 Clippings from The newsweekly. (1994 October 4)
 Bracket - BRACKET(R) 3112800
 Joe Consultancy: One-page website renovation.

==

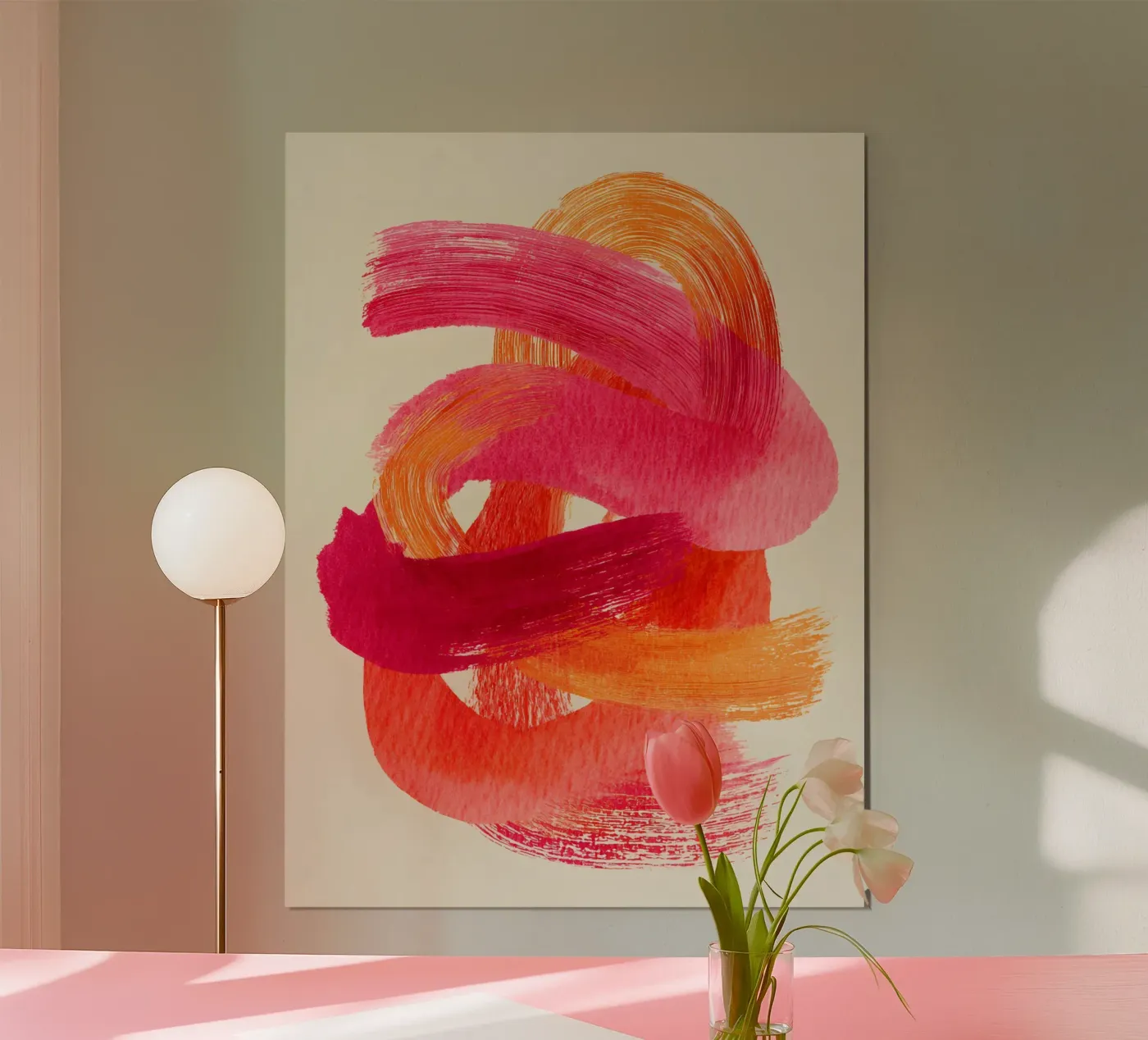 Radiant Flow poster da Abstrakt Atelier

---

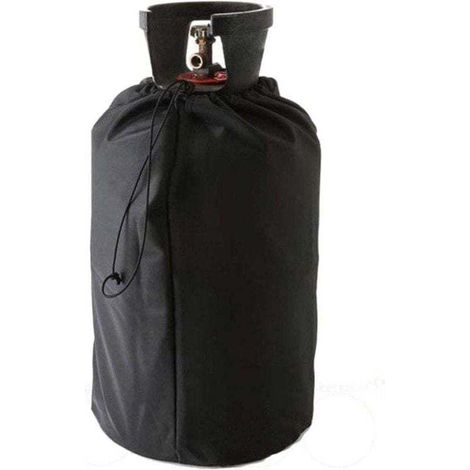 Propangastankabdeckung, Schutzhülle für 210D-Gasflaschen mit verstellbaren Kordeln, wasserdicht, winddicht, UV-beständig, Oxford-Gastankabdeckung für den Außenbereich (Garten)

Work to complete:
Set down, exactly as they stand above, the lines starting with the line with "Clippings from The" and going on through the line with "Joe Consultancy: One-page", and no others.

Expected answer:
 Clippings from The newsweekly. (1994 October 4)
 Bracket - BRACKET(R) 3112800
 Joe Consultancy: One-page website renovation.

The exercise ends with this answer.